Jacob Wooldridge, M.D., a senior fellow in the UAMS Clinical Informatics Fellowship Program, is part of a research team whose work on harmonizing data from electronic health records was recently published in JAMIA.
“Harmonizing units and values of quantitative data elements in a very large nationally pooled electronic health record (EHR) dataset” was published on April 18 in the Journal of the American Medical Informatics Association.

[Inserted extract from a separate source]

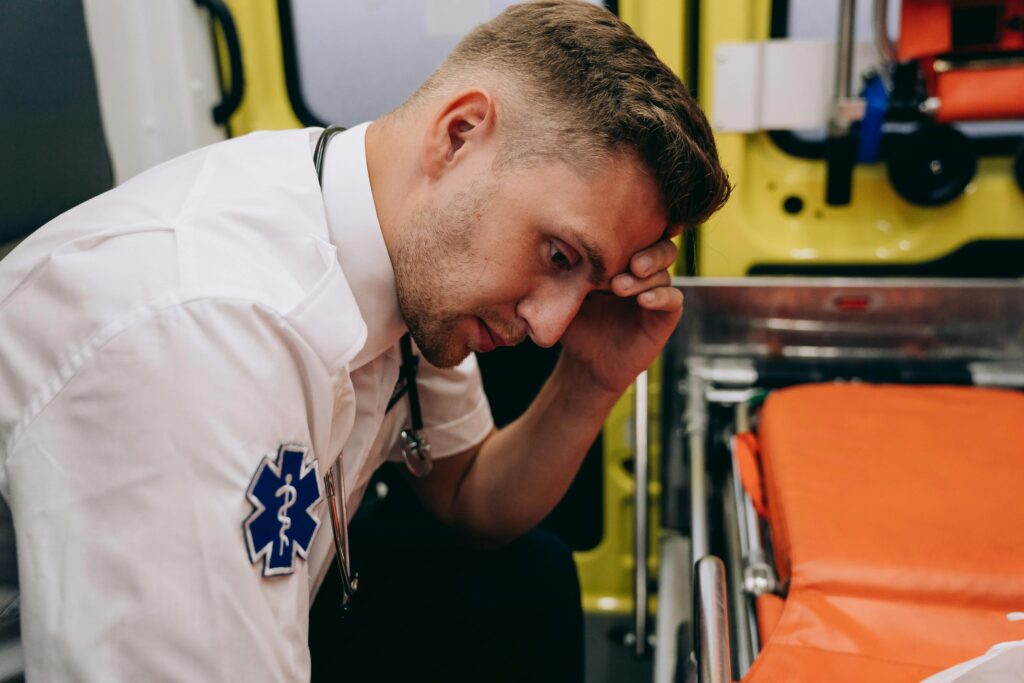 A Tired Paramedic Holding His Head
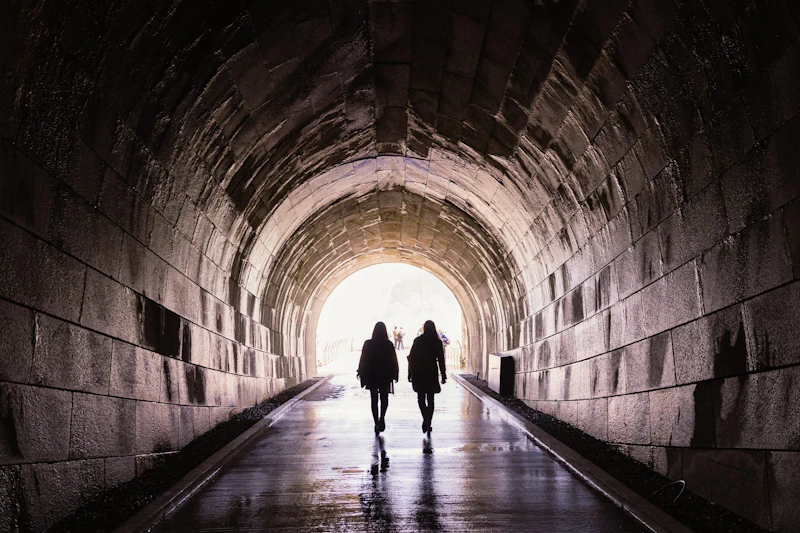 Dwie osoby przechodzą przez kamienny tunel łukowy, kierując się na koniec w stronę jasnego światła. Podłoże jest mokre i odbija światło.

The team used the National COVID Cohort Collaborative, a large dataset of laboratory measurements containing more than 3.1 billion patient records from 55 data partners. There was not a standard method of organizing or sorting the data among the partners. Therefore, Dr. Wooldridge and the research team attempted to write a computer script to help sort and “harmonize” the data, grouping similar data into categories and making the information more readable across all the data sources.
Their efforts harmonized 88.1% of the lab values among complete datasets, and they were able to use alternative means to salvage 78.2% of records where parts of the data were missing.
“Efforts like these provide a proof of concept that large, complex datasets from a variety of sources can be harmonized in a way that makes them accessible for research,” Wooldridge said. “As we enter a world with a seemingly limitless supply of data, we have to ensure those data can actually be harnessed for research and mined for insight.”
Dr. Wooldridge began the work while part of the Clinical Informatics Fellowship Program at Stony Brook University in New York. He transferred to UAMS for his senior fellowship year. A fellowship-trained hematopathologist, Dr. Wooldridge continued to collaborate on the Stony Brook project while pursuing his own research at UAMS on using machine learning to identify lymphoma in pathology whole-slide images.